BEGIN INPUT MATERIAL

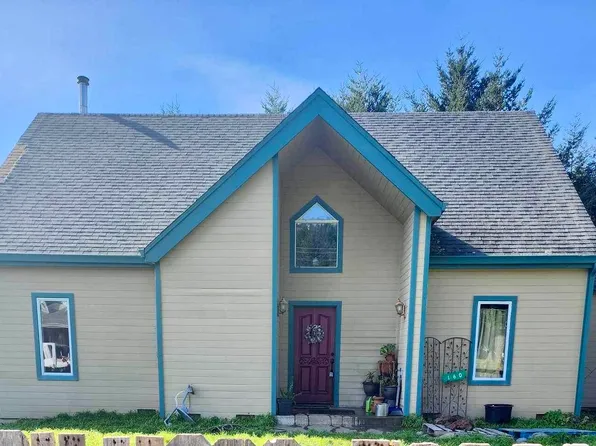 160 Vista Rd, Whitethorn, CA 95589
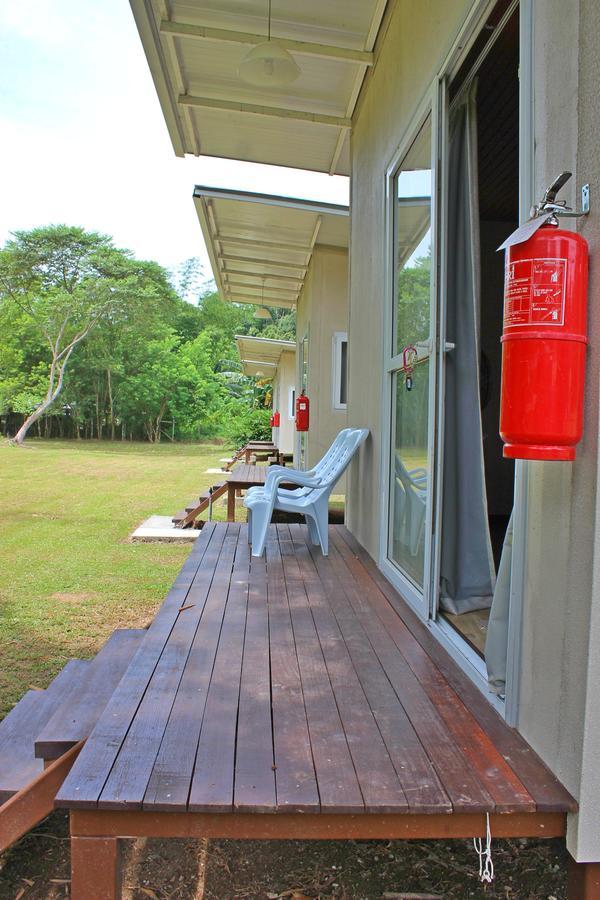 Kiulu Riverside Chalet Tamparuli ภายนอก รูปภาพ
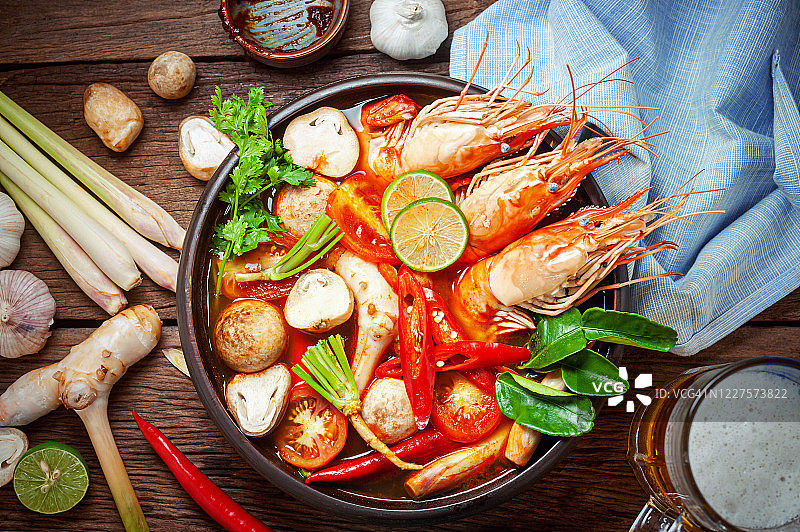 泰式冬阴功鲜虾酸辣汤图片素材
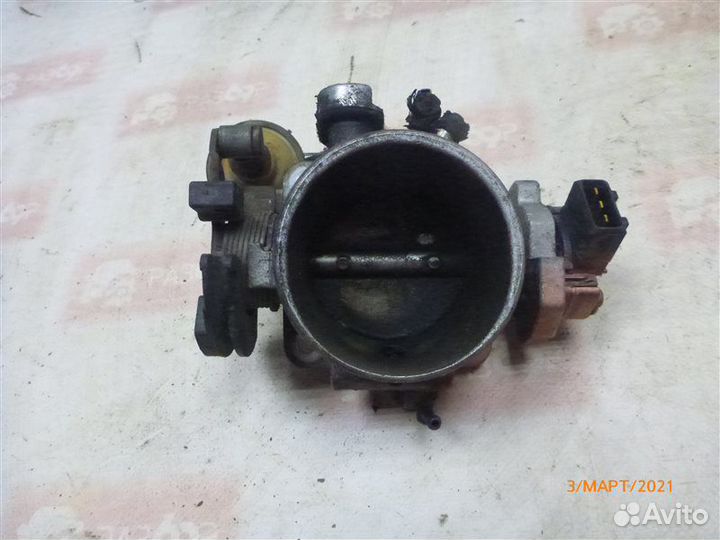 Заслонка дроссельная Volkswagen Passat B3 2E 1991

END INPUT MATERIAL
BEGIN INPUT MATERIAL

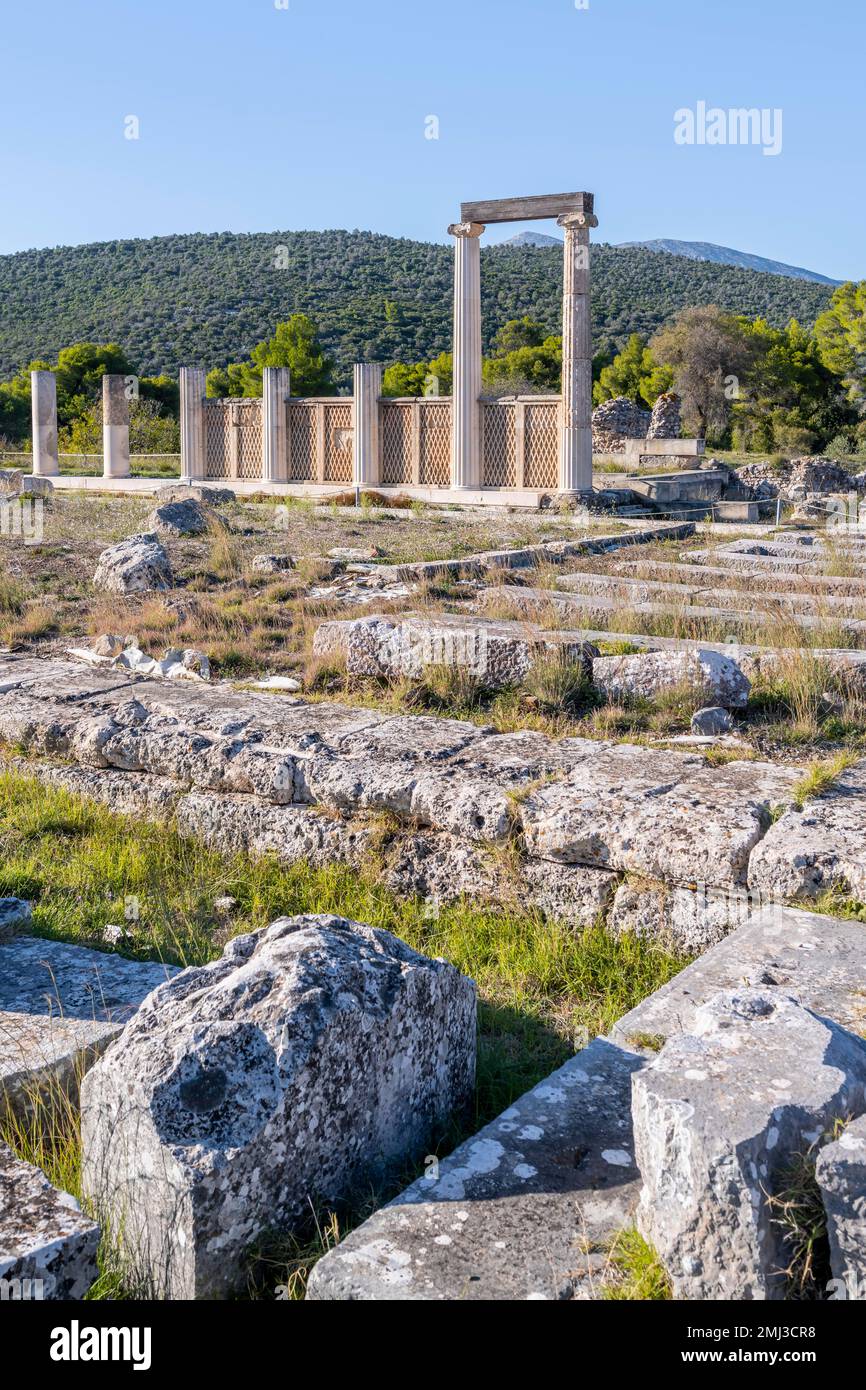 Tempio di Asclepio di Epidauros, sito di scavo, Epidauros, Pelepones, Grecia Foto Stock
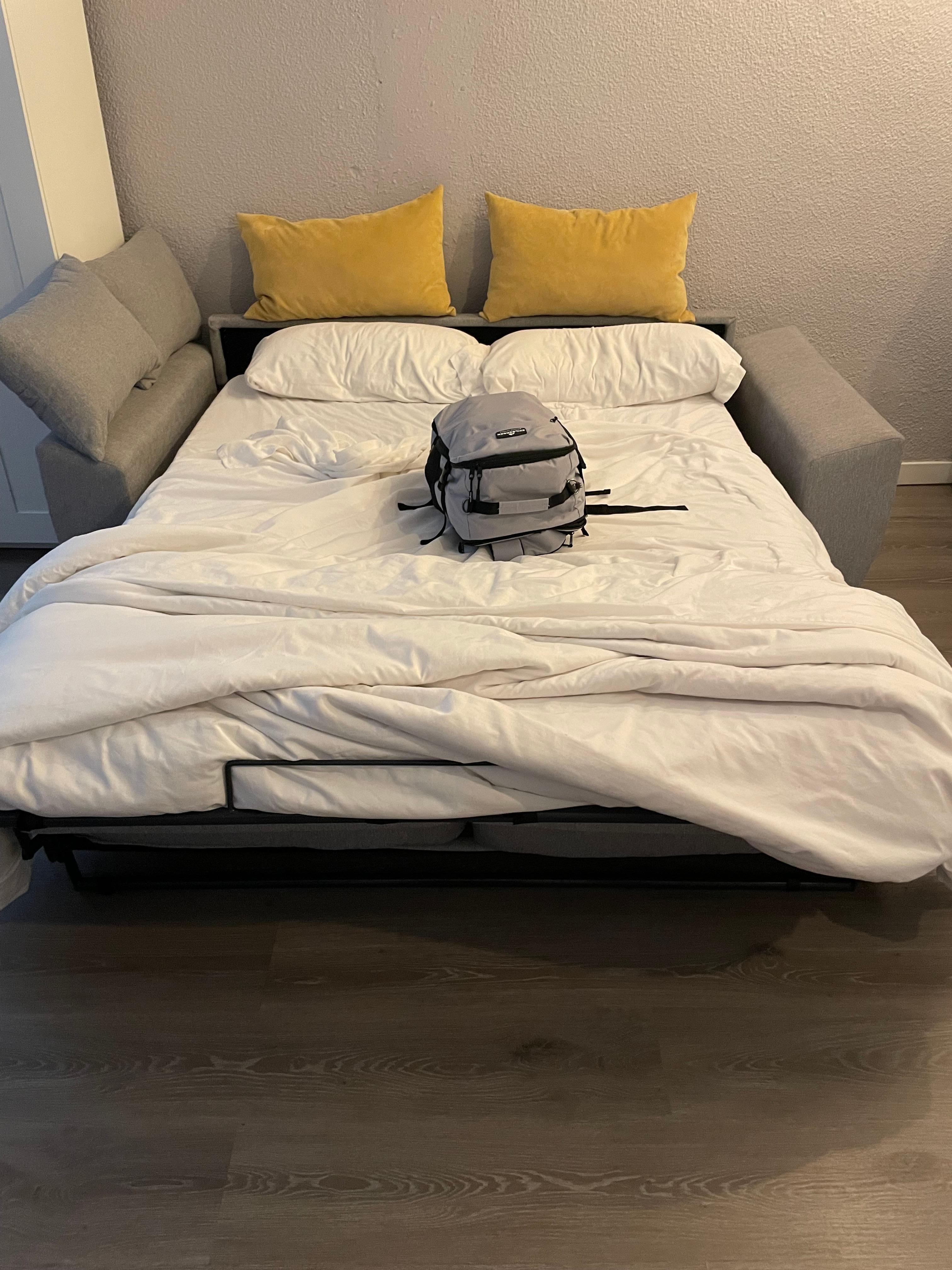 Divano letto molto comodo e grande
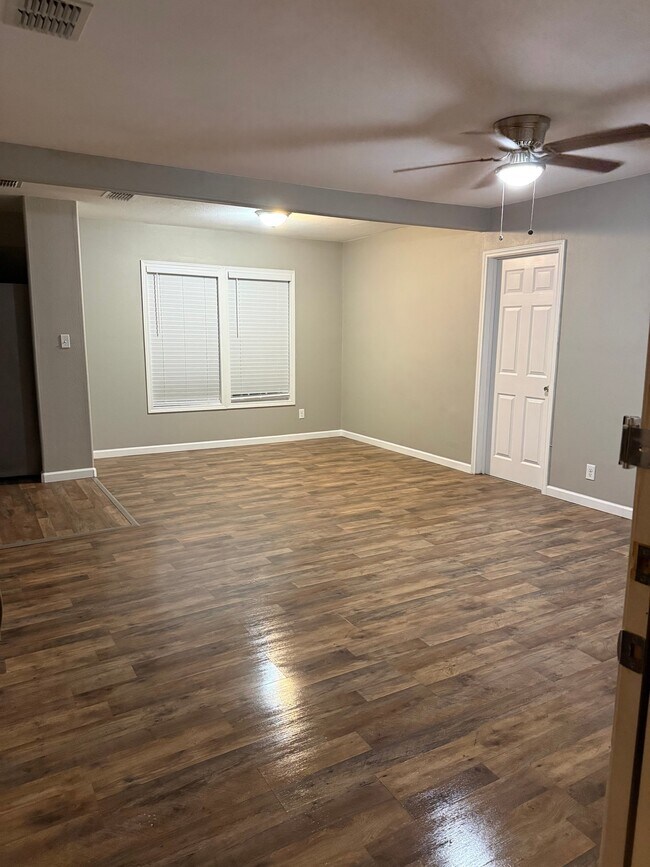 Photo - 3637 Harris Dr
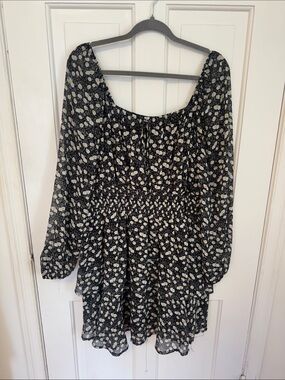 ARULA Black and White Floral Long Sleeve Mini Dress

END INPUT MATERIAL

• **TRY IT**:
Look above and copy only the lines from the one holding "160 Vista Rd, Whitethorn, CA 95589" to the one holding "Заслонка дроссельная Volkswagen", both included, exactly, minus the pictures.

• **SOLUTION FOR THIS EXERCISE**:
 160 Vista Rd, Whitethorn, CA 95589
 Kiulu Riverside Chalet Tamparuli ภายนอก รูปภาพ
 泰式冬阴功鲜虾酸辣汤图片素材
 Заслонка дроссельная Volkswagen Passat B3 2E 1991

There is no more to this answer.